- First tankōbon volume cover

メイドスケーター (Meido Sukētā)
- Genre: Comedy; Slice of life; Sports;
- Written by: Suzushiro
- Published by: East Press
- English publisher: NA: Viz Media;
- Magazine: Matogrosso; (May 18, 2023 – August 28, 2025); Comic Porta; (TBA);
- Original run: May 18, 2023 – present
- Volumes: 2

= Maid to Skate =

Japanese manga series

Maid to Skate (メイドスケーター, Meido Sukētā) is a Japanese manga series written and illustrated by Suzushiro. It began serialization on East Press' Matogrosso manga website in May 2023.

==Synopsis==
The series is set in a world where the most skilled maids are also skilled at riding a skateboard.

==Publication==
Written and illustrated by Suzushiro, Maid to Skate began serialization on East Press' Matogrosso website on May 18, 2023. After the discontinuation of Matogrosso in May 2026, the series is set to resume on the Comic Porta website at an undetermined date. The series' chapters have been compiled into two tankōbon volumes as of October 2025. The series is licensed in English by Viz Media.

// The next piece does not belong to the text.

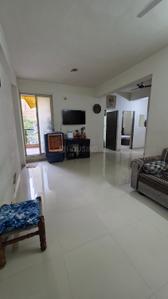 Hall Image of 1154 Sq.ft 3 BHK Apartment / Flat for sale in Tatva Ved Shree , Vastral Ahmedabad for Rs. 5250000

| No. | Original release date | Original ISBN | North American release date | North American ISBN |
| 1 | March 19, 2024 | 978-4-7816-2293-4 | December 16, 2025 | 978-1-9747-5584-4 |
| "Benihana"; "Skate Shop"; "Park"; "Cooking Duty"; "Chasing After the Kitten"; | Bonus: "Iris's Skateboard Corner 1–5"; Special side story: "Just Another Day"; |
| 2 | October 8, 2025 | 978-4-7816-2494-5 | November 17, 2026 | 978-1-9747-6937-7 |

==Reception==
The series's English lettering by Madeleine Jose won Best Lettering at the 3rd American Manga Awards in 2026.